For polynomials in the monomial basis like $p_n(x) = \sum_{k=0}^N a_k x^k $, the product of 2 polynomials is can be either found though the convolution of the 2 corresponding polynomial vectors or with FFT/IFFT.
I wonder, if there exists a "numerical recipe" to compute the product of 2 polynomials like $ p_n(x) = \sum_{k=0}^N c_k T_k(x)$ (i.e. represented in the Chebyshev basis).
Yes, they boil down to sums of things that look just like convolution or correlation of the coefficients.
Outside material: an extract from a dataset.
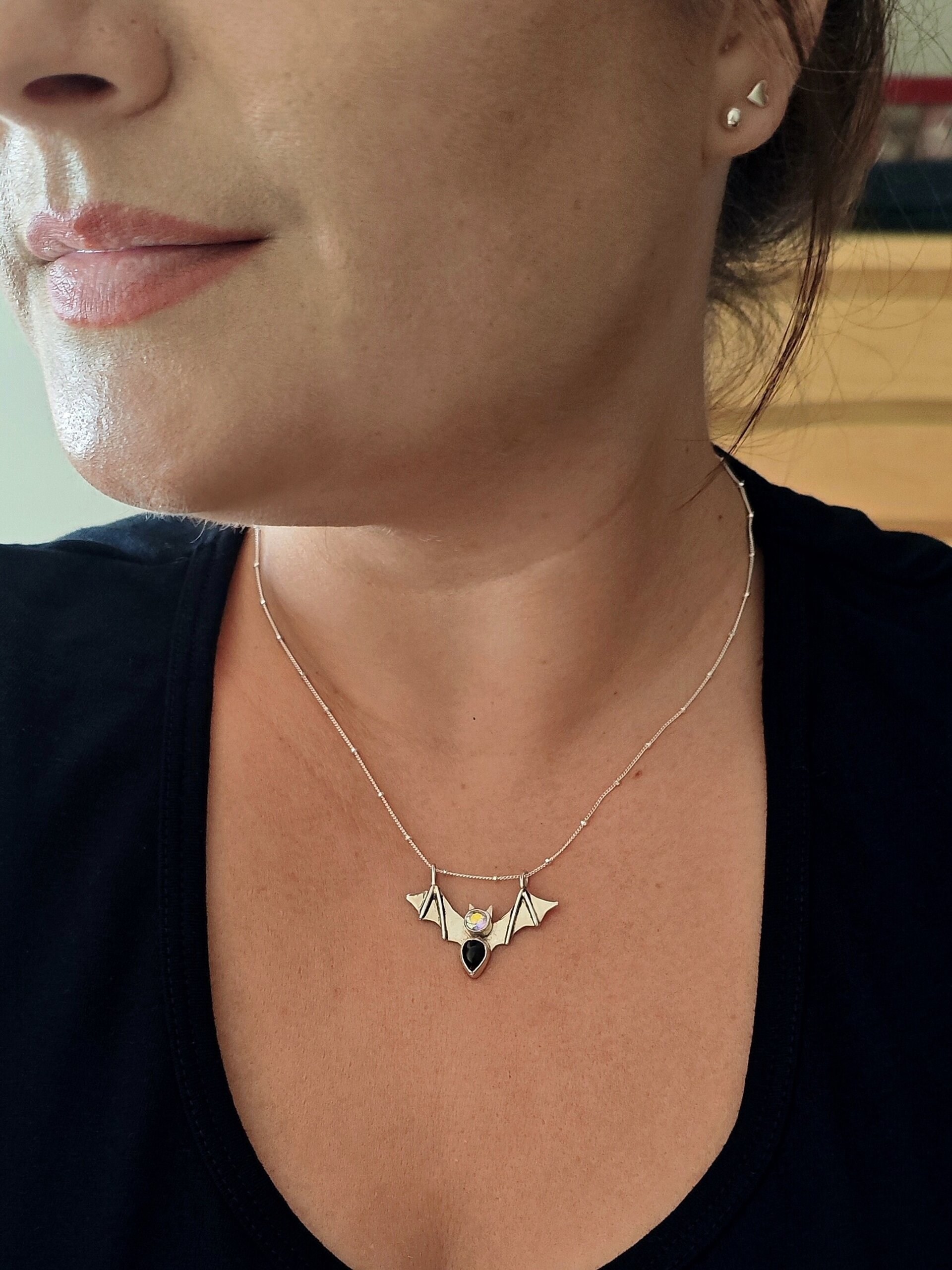 GARGANTILLA BAT (Plata de Ley) - 3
See equations 2.6, 2.7, and 2.8 here for the exact formulas:
http://www2.mathematik.hu-berlin.de/~gaggle/S09/AUTODIFF/projects/papers/baszenski_fast_polynomial_multiplication_and_convolutions_related_to_the_discrete_cosine_transform.pdf
Furthermore, the sums can be efficiently calculated using FFT-related techniques, which also seems to be outlined in that paper, though I didn't look at the details.
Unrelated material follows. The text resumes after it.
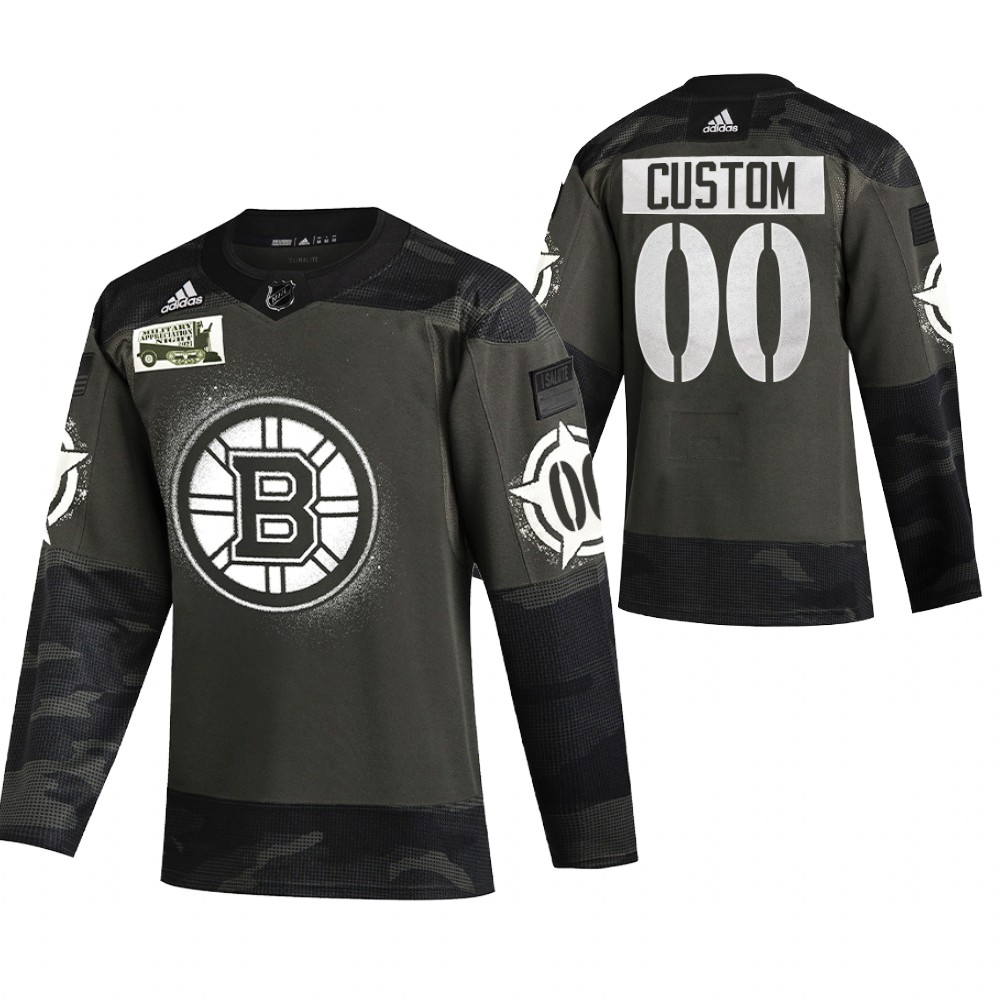 Bruins Custom Camo 2021 Military Night Authentic Limited Jersey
Edit: To make this a complete answer that does not require visiting the reference, here are the relevant formulas:
For $n\in\mathbb{N}$, $p_n$ and $q_n$ are $n^\text{th}$ order polynomials written as Chebyshev series in the $T_k$ polynomials: $$ p_n = \frac{a_0}{2}+\sum_{k=1}^n a_k T_k,\;\;\;q_n = \frac{b_0}{2}+\sum_{k=1}^n b_k T_k $$ The coefficients $a_k$ and $b_k$ are real. Then the product of the two polynomials has order $2n$ and is denoted $r_{2n}$. The Chebyshev series form of that product is $$ r_{2n} = \frac{c_0}{2}+\sum_{k=1}^{2n} c_k T_k $$ And the $c_k$ coefficients can be calculated from the original $a_k$ and $b_k$ coefficients as: $$ 2c_k = \left\{ \begin{array}{lcl} \displaystyle a_0b_0 + 2\sum_{l=1}^n a_l b_l, & {} & k=0 \\ \displaystyle \sum_{l=0}^k a_{k-l}b_l + \sum_{l=1}^{n-k}\left(a_l b_{l+k}+a_{l+k}b_l\right), & {} & k=1,\ldots,n-1 \\ \displaystyle \sum_{l=n-k}^n a_{k-l} b_l, & {} & k=n,\ldots,2n \end{array} \right. $$